Thursday, June 18, 2015

Struggle

       Contending with the globe, we are like Jacob wrestling with the angel. The fight is long and hard amid the mystery and the darkness, and the great Power seems reluctant to bless us; but the breaking of the day comes, and we find ourselves blest with corn, wine, oil, purple, feasts, flowers. Ah! and with gifts far beyond those of basket and store--ripened intelligence, self-reliance, courage, skill, manliness, virtue. Of course, man suffers in the conflict, as the patriarch did. When we see the farm laborer bent double with rheumatism, or the collier mutilated by the explosion in the mine, or the grinder with his lung gone, or the weaver with his enfeebled physique, or the seaman prematurely old through his battle with wind and wave, or any of the million workers who carry pathetic signs of the arduousness of toil, we see the limp of the victorious wrestler. In the South Seas the natives lie on their backs and the bread-fruit drops into their mouths.

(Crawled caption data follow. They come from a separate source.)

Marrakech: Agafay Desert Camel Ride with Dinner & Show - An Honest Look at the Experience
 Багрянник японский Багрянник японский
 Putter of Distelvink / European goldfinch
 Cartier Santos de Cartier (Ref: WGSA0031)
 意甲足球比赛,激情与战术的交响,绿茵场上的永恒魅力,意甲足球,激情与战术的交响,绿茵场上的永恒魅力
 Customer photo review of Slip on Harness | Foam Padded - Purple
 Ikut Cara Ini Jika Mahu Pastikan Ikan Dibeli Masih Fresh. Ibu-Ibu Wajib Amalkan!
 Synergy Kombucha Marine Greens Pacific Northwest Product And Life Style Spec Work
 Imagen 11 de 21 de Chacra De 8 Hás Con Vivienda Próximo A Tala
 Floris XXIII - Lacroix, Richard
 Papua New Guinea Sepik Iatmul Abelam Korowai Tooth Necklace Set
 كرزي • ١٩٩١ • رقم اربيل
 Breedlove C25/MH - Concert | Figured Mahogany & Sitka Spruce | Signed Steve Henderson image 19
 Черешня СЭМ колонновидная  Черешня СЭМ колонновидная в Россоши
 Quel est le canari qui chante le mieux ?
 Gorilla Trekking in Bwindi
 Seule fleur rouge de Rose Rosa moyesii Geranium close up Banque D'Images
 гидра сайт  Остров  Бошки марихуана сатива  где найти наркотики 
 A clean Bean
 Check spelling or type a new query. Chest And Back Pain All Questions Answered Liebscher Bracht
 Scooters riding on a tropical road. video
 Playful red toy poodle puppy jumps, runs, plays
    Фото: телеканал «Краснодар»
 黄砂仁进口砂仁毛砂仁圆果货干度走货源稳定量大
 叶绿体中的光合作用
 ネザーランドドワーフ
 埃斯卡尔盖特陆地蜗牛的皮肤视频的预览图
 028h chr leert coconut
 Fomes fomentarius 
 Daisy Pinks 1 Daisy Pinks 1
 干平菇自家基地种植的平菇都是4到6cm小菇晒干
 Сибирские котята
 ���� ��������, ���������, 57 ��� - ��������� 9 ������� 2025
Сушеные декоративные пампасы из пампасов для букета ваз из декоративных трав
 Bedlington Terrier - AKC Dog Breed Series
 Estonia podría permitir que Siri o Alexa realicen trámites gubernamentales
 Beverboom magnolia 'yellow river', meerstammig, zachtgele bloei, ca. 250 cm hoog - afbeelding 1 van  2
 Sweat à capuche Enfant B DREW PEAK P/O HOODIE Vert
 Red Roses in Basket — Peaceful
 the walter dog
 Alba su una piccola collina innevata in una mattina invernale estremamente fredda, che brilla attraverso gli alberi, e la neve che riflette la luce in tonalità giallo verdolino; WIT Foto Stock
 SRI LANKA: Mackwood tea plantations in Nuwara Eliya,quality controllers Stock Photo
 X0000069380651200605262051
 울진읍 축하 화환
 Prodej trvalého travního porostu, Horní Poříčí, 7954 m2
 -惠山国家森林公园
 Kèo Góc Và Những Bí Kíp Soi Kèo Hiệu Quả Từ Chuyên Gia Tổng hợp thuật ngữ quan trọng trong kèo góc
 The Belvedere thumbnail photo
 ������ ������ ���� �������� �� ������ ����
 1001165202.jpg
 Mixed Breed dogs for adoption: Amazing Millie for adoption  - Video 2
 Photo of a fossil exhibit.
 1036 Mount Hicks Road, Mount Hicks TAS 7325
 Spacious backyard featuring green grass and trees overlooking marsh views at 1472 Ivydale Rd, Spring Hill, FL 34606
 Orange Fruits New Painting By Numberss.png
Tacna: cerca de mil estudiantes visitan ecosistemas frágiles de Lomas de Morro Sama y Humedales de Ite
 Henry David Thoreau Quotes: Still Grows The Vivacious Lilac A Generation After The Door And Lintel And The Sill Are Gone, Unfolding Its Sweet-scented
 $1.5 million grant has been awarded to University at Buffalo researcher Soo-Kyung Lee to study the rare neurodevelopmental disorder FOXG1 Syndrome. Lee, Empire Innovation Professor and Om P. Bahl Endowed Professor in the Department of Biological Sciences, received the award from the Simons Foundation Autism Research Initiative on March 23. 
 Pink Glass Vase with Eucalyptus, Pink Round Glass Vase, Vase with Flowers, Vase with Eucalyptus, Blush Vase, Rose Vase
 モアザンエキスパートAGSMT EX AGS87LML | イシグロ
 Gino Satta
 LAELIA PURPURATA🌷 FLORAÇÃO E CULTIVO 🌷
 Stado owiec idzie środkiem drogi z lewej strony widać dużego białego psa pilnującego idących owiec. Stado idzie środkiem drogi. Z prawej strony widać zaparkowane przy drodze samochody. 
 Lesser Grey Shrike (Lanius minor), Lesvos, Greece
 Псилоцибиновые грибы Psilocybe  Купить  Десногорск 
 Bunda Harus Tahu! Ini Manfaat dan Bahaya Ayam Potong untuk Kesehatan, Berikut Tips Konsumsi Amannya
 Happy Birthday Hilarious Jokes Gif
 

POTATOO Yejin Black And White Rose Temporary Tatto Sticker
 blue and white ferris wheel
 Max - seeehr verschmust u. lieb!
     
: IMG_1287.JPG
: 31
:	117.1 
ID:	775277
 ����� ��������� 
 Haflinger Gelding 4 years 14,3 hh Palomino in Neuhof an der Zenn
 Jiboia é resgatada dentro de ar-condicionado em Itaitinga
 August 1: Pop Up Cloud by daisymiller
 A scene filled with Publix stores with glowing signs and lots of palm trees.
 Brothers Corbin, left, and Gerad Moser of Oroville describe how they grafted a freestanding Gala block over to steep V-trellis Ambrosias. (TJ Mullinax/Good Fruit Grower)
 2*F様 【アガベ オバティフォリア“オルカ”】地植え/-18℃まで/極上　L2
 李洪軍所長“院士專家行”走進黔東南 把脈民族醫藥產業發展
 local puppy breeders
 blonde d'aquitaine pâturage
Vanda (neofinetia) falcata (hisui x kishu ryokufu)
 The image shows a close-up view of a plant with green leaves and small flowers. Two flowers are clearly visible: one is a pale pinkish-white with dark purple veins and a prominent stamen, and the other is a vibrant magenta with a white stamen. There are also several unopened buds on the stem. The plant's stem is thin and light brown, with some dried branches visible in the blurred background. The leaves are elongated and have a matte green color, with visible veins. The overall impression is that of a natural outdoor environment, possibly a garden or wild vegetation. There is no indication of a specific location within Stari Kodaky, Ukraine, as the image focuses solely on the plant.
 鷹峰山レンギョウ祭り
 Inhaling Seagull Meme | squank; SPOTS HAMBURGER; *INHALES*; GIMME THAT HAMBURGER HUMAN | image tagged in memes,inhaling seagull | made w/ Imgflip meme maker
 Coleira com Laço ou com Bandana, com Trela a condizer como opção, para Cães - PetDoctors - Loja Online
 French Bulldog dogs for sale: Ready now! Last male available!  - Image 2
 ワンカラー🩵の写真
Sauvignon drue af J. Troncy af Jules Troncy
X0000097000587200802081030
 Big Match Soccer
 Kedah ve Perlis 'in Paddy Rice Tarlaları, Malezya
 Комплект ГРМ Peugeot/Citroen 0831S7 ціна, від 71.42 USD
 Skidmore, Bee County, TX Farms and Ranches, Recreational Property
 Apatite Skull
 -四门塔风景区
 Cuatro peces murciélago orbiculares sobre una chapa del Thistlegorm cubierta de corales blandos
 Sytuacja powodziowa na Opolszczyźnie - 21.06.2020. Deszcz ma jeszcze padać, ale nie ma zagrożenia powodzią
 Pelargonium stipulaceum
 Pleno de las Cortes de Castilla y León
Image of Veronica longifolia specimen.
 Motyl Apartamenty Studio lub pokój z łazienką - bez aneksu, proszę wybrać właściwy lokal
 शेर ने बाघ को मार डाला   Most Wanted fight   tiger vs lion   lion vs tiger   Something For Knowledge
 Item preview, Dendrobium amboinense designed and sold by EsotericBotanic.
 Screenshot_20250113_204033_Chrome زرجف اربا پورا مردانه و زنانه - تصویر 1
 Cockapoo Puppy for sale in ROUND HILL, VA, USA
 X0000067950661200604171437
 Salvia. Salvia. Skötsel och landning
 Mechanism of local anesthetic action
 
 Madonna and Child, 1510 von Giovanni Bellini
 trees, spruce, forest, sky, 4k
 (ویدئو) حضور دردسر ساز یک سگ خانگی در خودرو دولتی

But these make a poor show in the grand procession of the ages.

The law of life is truly severe which enjoins that man shall eat bread in the sweat of his face, but in this struggle for life our great antagonist is our great helper; we are leaving barbarism behind us; we are undergoing a magnificent transformation; we are becoming princes of God and heirs of all things.-- W. L. Watkinson, "The Transfigured Sackcloth."